The algorithm parameter takes either:
- SAMME or,
- SAMME.R (default; this typically converges faster than SAMME)
Predicting the test set results:
y_pred_abc = abc.predict(X_test)
Creating the confusion matrix & calculating accuracy score:
from sklearn.metrics import confusion_matrix, accuracy_score
cm = confusion_matrix(y_test, y_pred_abc)
print (cm)acc_abc = accuracy_score(y_test, y_pred_abc)
print (acc_abc)
9. Quadratic Discriminant Analysis
A quadratic classifier is statistical classifier that uses a quadratic decision surface to separate measurements of two or more classes of objects or events. It is a more general version of the linear classifier. — Wikipedia
This has no hyperparameters to tune.
Implementation
Training the quadratic discriminant analysis model (reference library) on the training set:
from sklearn.discriminant_analysis \
import QuadraticDiscriminantAnalysis
qda = QuadraticDiscriminantAnalysis()
qda.fit(X_train, y_train)

Predicting the test set results:
y_pred_qda = qda.predict(X_test)
Making the confusion matrix & calculating accuracy score:
from sklearn.metrics import confusion_matrix, accuracy_score
cm = confusion_matrix(y_test, y_pred_qda)
print (cm)acc_qda = accuracy_score(y_test, y_pred_qda)
print (acc_qda)

10. MLP Classifier
Multi-Layer Perceptron (MLP) is a class of artificial neural network (ANN).
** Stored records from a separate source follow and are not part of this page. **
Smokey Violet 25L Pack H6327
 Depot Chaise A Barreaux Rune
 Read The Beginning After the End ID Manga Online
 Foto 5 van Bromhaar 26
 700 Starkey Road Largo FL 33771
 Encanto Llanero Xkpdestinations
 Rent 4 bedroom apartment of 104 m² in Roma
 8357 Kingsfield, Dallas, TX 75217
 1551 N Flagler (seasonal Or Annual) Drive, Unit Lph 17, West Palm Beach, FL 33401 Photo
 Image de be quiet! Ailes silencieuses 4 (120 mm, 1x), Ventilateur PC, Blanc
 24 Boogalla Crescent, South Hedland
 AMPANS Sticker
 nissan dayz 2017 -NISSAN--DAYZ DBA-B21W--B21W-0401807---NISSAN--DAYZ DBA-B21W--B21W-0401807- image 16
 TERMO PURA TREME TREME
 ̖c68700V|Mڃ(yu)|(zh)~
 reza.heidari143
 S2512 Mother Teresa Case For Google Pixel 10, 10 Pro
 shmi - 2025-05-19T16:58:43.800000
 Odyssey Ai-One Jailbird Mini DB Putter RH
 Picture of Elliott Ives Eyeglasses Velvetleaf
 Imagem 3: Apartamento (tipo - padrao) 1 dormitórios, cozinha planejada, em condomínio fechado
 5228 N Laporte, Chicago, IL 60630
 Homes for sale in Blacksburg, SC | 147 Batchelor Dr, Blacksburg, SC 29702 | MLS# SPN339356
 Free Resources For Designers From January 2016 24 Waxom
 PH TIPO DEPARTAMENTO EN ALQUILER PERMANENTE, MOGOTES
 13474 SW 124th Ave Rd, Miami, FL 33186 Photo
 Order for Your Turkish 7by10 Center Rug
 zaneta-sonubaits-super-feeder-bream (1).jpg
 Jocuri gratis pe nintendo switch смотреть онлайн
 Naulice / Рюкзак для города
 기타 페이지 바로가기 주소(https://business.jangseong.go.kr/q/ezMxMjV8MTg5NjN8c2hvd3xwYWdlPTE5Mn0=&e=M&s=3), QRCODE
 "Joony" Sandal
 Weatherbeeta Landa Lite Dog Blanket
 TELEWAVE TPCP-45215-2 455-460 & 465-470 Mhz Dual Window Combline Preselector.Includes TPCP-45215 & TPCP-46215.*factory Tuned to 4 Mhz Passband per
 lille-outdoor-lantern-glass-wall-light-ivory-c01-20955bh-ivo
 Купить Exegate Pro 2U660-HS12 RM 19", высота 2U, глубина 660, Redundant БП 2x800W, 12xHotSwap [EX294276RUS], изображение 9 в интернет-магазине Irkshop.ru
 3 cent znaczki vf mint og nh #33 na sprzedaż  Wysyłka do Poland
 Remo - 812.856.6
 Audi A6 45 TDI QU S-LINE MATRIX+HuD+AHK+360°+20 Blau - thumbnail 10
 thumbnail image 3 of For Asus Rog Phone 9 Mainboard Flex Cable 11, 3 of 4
It has at-least three layers of nodes: an input layer, a hidden layer and an output layer.

Implementation
Training the MLP classifier model (reference library) on the training set:
from sklearn.neural_network import MLPClassifier
mlp = MLPClassifier(alpha=1, max_iter=1000)
mlp.fit(X_train, y_train)

Predicting the test set results:
y_pred_mlp = mlp.predict(X_test)
Making the confusion matrix & calculating accuracy score:
from sklearn.metrics import confusion_matrix, accuracy_score
cm = confusion_matrix(y_test, y_pred_mlp)
print (cm)acc_mlp = accuracy_score(y_test, y_pred_mlp)
print (acc_mlp)

Conclusion
Scikit Learn is a single-node framework and contains various effective tools for predictive data analysis. This works well for limited data. In case we need to work with massive amount of data, we can try Apache Spark MLlib.